# Was Feynman Wrong?

I recently found this

Feynman in his lecture QED: The Strange Theory of Light and Matter was discussing just how accurate quantum theory was. He said:

Just to give you an idea of how the theory has been put through the wringer, I'll give you some recent numbers: experiments have Dirac's number at 1.00115965221 (with an uncertainty of about 4 in the last digit); the theory puts it at 1.00115965246 (with an uncertainty of about five times as much). To give you a feeling for the accuracy of these numbers, it comes out something like this: If you were to measure the distance from Los Angeles to New York to this accuracy, it would be exact to the thickness of a human hair.

I had known that some scientist had used an analogy of great distance to get some idea of the amazing accuracy of a scientific prediction; I'd read about it years and years ago, but had forgotten the exact details (I thought the distance was between London and New York!). I'm really glad that I now know that the original source was Feynman!

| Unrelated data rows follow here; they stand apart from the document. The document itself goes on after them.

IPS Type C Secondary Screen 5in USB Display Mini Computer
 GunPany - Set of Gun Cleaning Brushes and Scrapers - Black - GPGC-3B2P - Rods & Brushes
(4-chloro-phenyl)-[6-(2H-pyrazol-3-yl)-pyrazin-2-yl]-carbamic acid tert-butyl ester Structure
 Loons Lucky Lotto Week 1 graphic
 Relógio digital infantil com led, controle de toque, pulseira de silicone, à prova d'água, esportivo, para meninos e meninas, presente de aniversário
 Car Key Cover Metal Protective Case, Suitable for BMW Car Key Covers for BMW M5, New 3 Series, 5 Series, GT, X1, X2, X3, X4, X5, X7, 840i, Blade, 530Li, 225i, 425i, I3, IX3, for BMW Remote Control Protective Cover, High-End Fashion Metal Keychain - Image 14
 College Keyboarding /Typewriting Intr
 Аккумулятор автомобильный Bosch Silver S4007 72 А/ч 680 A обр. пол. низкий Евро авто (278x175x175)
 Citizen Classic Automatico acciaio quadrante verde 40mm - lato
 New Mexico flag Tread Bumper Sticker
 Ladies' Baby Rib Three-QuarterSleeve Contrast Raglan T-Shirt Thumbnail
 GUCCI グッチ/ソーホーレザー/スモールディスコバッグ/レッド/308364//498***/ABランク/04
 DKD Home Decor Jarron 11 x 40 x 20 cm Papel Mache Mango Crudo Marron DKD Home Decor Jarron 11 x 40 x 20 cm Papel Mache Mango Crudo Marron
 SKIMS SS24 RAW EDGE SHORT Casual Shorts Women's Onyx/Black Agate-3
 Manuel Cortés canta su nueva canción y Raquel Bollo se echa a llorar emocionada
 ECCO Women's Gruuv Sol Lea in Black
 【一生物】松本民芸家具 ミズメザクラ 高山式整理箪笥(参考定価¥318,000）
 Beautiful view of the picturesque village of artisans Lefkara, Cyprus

I do think it is trully amazing - just think about that for a second - many hundreds of people have worked together and created simple mathematical abstractions which can be written down in a scientific paper or on a black board and argued about and which describe the real world to such an incredible amount of detail. What a feat!

But after reading this my fact-checking brain wanted to do the calculations to confirm what he'd written - and the results surprised me so I thought I'd post them here to check whether I've made a mistake!

The best guess of Dirac's Number produced from theory is 0.00000000025 units bigger than the best guess from actually measuring it. IE the theoretical number is bigger by about one part in 4,000,000,000.

Now the distance between New York and Los Angeles is about 3932.8 km.

Measuring it to that accuracy is to find the figure to a range of about 982.06 microns. Which is absolutely tiny - but it isn't as small as the thickness of a human hair. 982 microns is about a millimeter - a human hair is roughly one tenth of a millimeter.

It looks like Feynman was out by a factor of ten!!!

I think there is something hugely wonderfully ironic about all this.

Either I'm wrong - more than likely.

Or Feynman is wrong.

But sloppy, mistake making fallible humanity has been able to collaborate and measure a property of the universe (which most of us have no idea about) to a level of detail that is literally mind boggling. We have also been able to come up with a model which explains that part of the universe to a comparable level of detail and we've been able to show they agree to that mindbogglingly accurate extent.

Practically it really doesn't matter if the accuracy is one millimeter in the distance between New York and Los Angeles, or one hair - but science does care and wants to continue to ever refine it down.

There will definitely be mistakes as that refinement continues, but science mercilessly looks for mistakes and corrects them.

So am I correct to correct Feynman's mistake, or is the mistake mine?

I'm not sure - but I'll put my result out there to be queried. Trust but verify said Reagan.

That is what I did to Feynman's quote - can someone do the same for me?!